En el año 1718 una epidemia de viruela invadió Inglaterra, y lady Montagu, esposa del embajador de Inglaterra en Turquía, envió una carta a una de sus amigas de Londres en la que les explicaba que en aquel país la viruela era casi desconocida gracias a un sistema un poco raro y extraño: unas viejas curanderas picaban a las personas con agujas llenas de pus seco procedente de un enfermo varioloso. Cosa extraña: pocos días después, los enfermos presentaban los primeros síntomas de la enfermedad, pero ésta, en vez de desarrollarse, desaparecía milagrosamente. La fiebre no duraba más que una semana como máximo; añadía la embajadora que las circasianas, célebres por su belleza, muy apreciada en los mercados de esclavas de Samarcanda, eran inoculadas con este pus para preservar su cuerpo de las feas huellas que afeaban el cuerpo de las que habían sufrido la viruela. 
“Mercado de esclavas circasianas en Constantinopla”
Por su parte, el embajador de Francia, decía: «Aquí se toma la viruela como en Francia se toman las aguas». Al parecer, las damas de Constantinopla o Estambul se reunían en casa de las curanderas como las damas de París se reunían para tomar el té. La curandera preguntaba amablemente en qué parte del cuerpo quería ser inoculada porque se sabía que la operación dejaba una pequeña huella.
Se corrían riesgos; por ejemplo, el de contagiarse con otra enfermedad que sufriese el primer paciente o donador. Hoy sabemos de los riesgos de contraer una hepatitis usando jeringuillas u otros instrumentos empleados anteriormente por un individuo atacado de esta enfermedad.
A su regreso a Londres, lady Montagu mostró a las damas de la corte la pequeña cicatriz que había dejado la inoculación y explicó que había hecho lo mismo con sus hijos, que así quedaban inmunes a la viruela. La nuera del rey quiso ser la primera paciente en ser inoculada, pero antes se ensayó el método en seis condenados a muerte y en algunos niños inoculados. Todos quedaron inmunes.
Eduardo Jenner era un médico del Gloucestershire que había observado que las campesinas que ordeñaban las vacas enfermas se contagiaban a veces de la enfermedad debido a alguna pequeña herida en las manos y que con ello quedaban inmunes a la viruela. Jenner se preguntó si sería esta enfermedad de las vacas la misma que la viruela de los humanos.
La viruela había costado la vida a doscientos mil ingleses en un siglo, a catorce mil parisienses en un año y de los cincuenta mil irlandeses que comprendían la población total de la isla habían muerto dieciocho mil.
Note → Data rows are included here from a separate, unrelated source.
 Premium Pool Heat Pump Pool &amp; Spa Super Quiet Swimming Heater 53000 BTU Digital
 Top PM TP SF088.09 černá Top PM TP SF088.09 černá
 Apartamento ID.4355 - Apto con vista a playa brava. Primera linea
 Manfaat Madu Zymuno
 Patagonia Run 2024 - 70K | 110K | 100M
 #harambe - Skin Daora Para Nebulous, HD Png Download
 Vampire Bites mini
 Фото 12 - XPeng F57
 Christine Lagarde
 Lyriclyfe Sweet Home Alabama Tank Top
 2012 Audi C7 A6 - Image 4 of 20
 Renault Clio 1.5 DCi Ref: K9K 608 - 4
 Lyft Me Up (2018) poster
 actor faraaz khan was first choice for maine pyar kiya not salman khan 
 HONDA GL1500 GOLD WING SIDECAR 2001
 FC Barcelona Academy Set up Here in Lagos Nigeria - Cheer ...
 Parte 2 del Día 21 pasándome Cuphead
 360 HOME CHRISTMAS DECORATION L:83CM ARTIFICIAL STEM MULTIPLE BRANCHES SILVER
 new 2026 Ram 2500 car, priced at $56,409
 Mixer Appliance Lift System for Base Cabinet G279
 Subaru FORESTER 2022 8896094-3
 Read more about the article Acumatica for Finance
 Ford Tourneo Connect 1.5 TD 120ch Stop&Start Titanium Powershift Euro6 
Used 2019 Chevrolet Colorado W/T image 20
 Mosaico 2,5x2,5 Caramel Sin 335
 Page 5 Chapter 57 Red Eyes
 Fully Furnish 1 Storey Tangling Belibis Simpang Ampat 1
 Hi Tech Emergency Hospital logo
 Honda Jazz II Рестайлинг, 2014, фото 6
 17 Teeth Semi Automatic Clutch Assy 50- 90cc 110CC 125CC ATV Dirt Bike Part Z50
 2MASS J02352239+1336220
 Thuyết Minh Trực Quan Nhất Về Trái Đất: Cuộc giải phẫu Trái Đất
Jenner quiso comprobar si era cierto que quien hubiese sufrido la fiebre vacuna era inmune a la viruela y se decidió a dar un paso transcendental que podía costarle la carrera. Cogió el pus de una vaca enferma y lo inoculó a un niño. Al cabo de siete días el pequeño se quejó de fiebre, dolor de cabeza y temblores: exactamente como un enfermo de viruela. Jenner estaba espantado. ¿Habría acaso cometido un crimen? Dos días después el niño se había restablecido. Su nombre ha pasado a la historia: se llamaba James Phipps. Cuando el niño estuvo curado Jenner continuó su experimento e inoculó a James pus de viruela humana. De ello se siguió una pequeña inflamación y nada más. Dos meses más tarde Jenner inoculó otra vez pus de viruela humana sin que se produjese efecto alguno. La vacuna estaba descubierta.
Entusiasmado, Jenner redactó una memoria sobre sus experimentos y la envió a la Academia Real de Medicina, la cual se la devolvió, no viendo en el texto más que absurdas tonterías.
Se decidió entonces a imprimirla por su cuenta, pero las invectivas y los sarcasmos empezaron. Se le acusó de querer envenenar a la población, se le tachó de loco y los más benévolos le creían un visionario. Pero poco tiempo después Napoleón se hizo vacunar y ordenó la vacuna obligatoria para todo su ejército. La hermana de Napoleón, Elisa, gran duquesa de Lucca y de Piombino, fue la primera soberana que hizo obligatoria la vacunación en su Estado.